After checking out a different branch and switching back to the branch with the large file, I ended up with the same small file as mentioned before.
I already wrote a bug issues to Git for Windows and I was told that it is a problem with the git source code, which uses unsinged long, where it should use size_t.
For more information on the issue you can check the issue tracker of Git for Windows on github. Issue #1063
Is there a way to fix this problem?
 
best regards

^ permalink raw reply	[flat|nested] 9+ messages in thread

* Re: Commiting files larger than 4 GB on Windows
  2017-03-15 13:00 Commiting files larger than 4 GB on Windows Florian Adamus
@ 2017-03-15 13:48 ` Thomas Braun
  2017-03-15 15:59   ` Jeff King
  0 siblings, 1 reply; 9+ messages in thread
From: Thomas Braun @ 2017-03-15 13:48 UTC (permalink / raw)
  To: Florian Adamus, git

Am 15.03.2017 um 14:00 schrieb Florian Adamus:
> Hello,
> 
> I am managing my large files with the git-lfs-extension. Some of them
> were more than 4GB in size.
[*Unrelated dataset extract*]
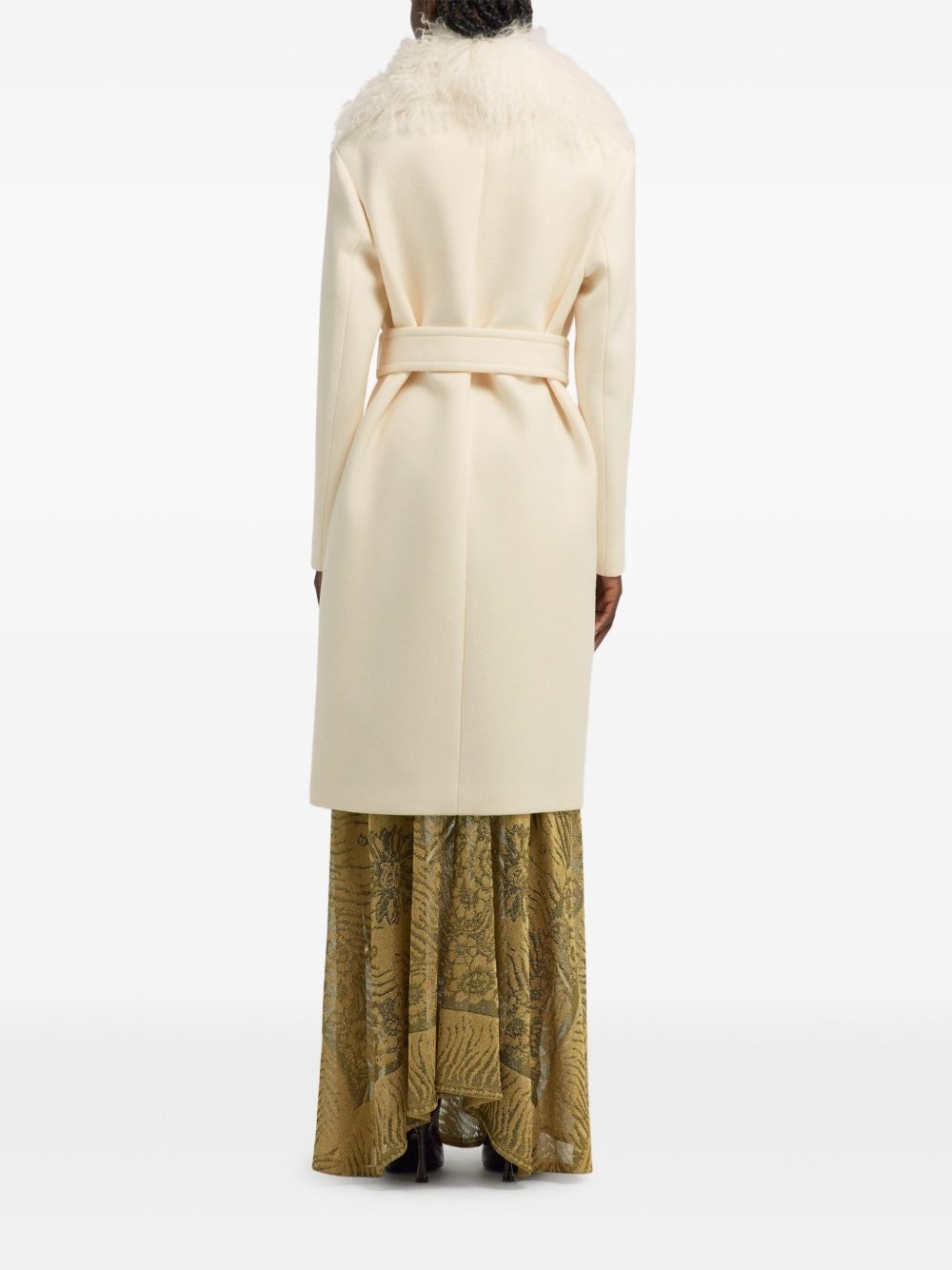shearling-trimmed coat - 5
After deleting one of those files from my
> working tree and do a normal git checkout I ended up with a somehow
> crippled file with a size of only 46 MB left. For testing reasons I
> tried to commit a 4,3 GB file to my git repository without the LFS
> extension. After checking out a different branch and switching back
> to the branch with the large file, I ended up with the same small
> file as mentioned before. I already wrote a bug issues to Git for
> Windows and I was told that it is a problem with the git source code,
> which uses unsinged long, where it should use size_t. For more
> information on the issue you can check the issue tracker of Git for
> Windows on github. Issue #1063 Is there a way to fix this problem?

Hi,

I can not comment on the git-lfs issues. The issue that you can not properly use files larger than 4GB on windows (no matter if 32bit or 64bit) is known, see my findings from May last year [1]. Unfortunately nobody, including me, did find time to fix the underlying issue properly.
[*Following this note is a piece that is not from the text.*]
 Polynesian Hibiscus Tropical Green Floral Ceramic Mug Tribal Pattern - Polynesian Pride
My band-aid patch from [1]

diff --git a/pack-write.c b/pack-write.c
index 33293ce..ebb8b0a 100644
--- a/pack-write.c
+++ b/pack-write.c
@@ -313,6 +313,9 @@ int encode_in_pack_object_header(enum object_type type, uintmax_t size, unsigned
        if (type < OBJ_COMMIT || type > OBJ_REF_DELTA)
                die("bad type %d", type);

+       if (bitsizeof(unsigned long) != bitsizeof(uintmax_t) && size > (unsigned long) size)
+               die("Cannot handle files this big");
+
        c = (type << 4) | (size & 15);
        size >>= 4;
        while (size) {

would at least tell the user much earlier about the problem. I can submit the above diff as proper patch if it is deemed a worthy change.

Thomas

[1]: http://public-inbox.org/git/56EF1402.4050708@virtuell-zuhause.de/  




^ permalink raw reply related	[flat|nested] 9+ messages in thread

* Re: Commiting files larger than 4 GB on Windows
  2017-03-15 13:48 ` Thomas Braun
@ 2017-03-15 15:59   ` Jeff King
  2017-03-15 16:13     ` Jeff King
  0 siblings, 1 reply; 9+ messages in thread
From: Jeff King @ 2017-03-15 15:59 UTC (permalink / raw)
  To: Thomas Braun; +Cc: Florian Adamus, git

On Wed, Mar 15, 2017 at 02:48:57PM +0100, Thomas Braun wrote:

> I can not comment on the git-lfs issues. The issue that you can not
> properly use files larger than 4GB on windows (no matter if 32bit or
> 64bit) is known, see my findings from May last year [1]. Unfortunately
> nobody, including me, did find time to fix the underlying issue
> properly.

I suspect the fix is going to be quite involved. The use of "unsigned
long" for object sizes is all over the code base.

> My band-aid patch from [1]
> 
> diff --git a/pack-write.c b/pack-write.c
> index 33293ce..ebb8b0a 100644
> --- a/pack-write.c
> +++ b/pack-write.c
> @@ -313,6 +313,9 @@ int encode_in_pack_object_header(enum object_type type, uintmax_t size, unsigned
>         if (type < OBJ_COMMIT || type > OBJ_REF_DELTA)
>                 die("bad type %d", type);
> 
> +       if (bitsizeof(unsigned long) != bitsizeof(uintmax_t) && size > (unsigned long) size)
> +               die("Cannot handle files this big");
> +
>         c = (type << 4) | (size & 15);
>         size >>= 4;
>         while (size) {
> 
> would at least tell the user much earlier about the problem. I can
> submit the above diff as proper patch if it is deemed a worthy change.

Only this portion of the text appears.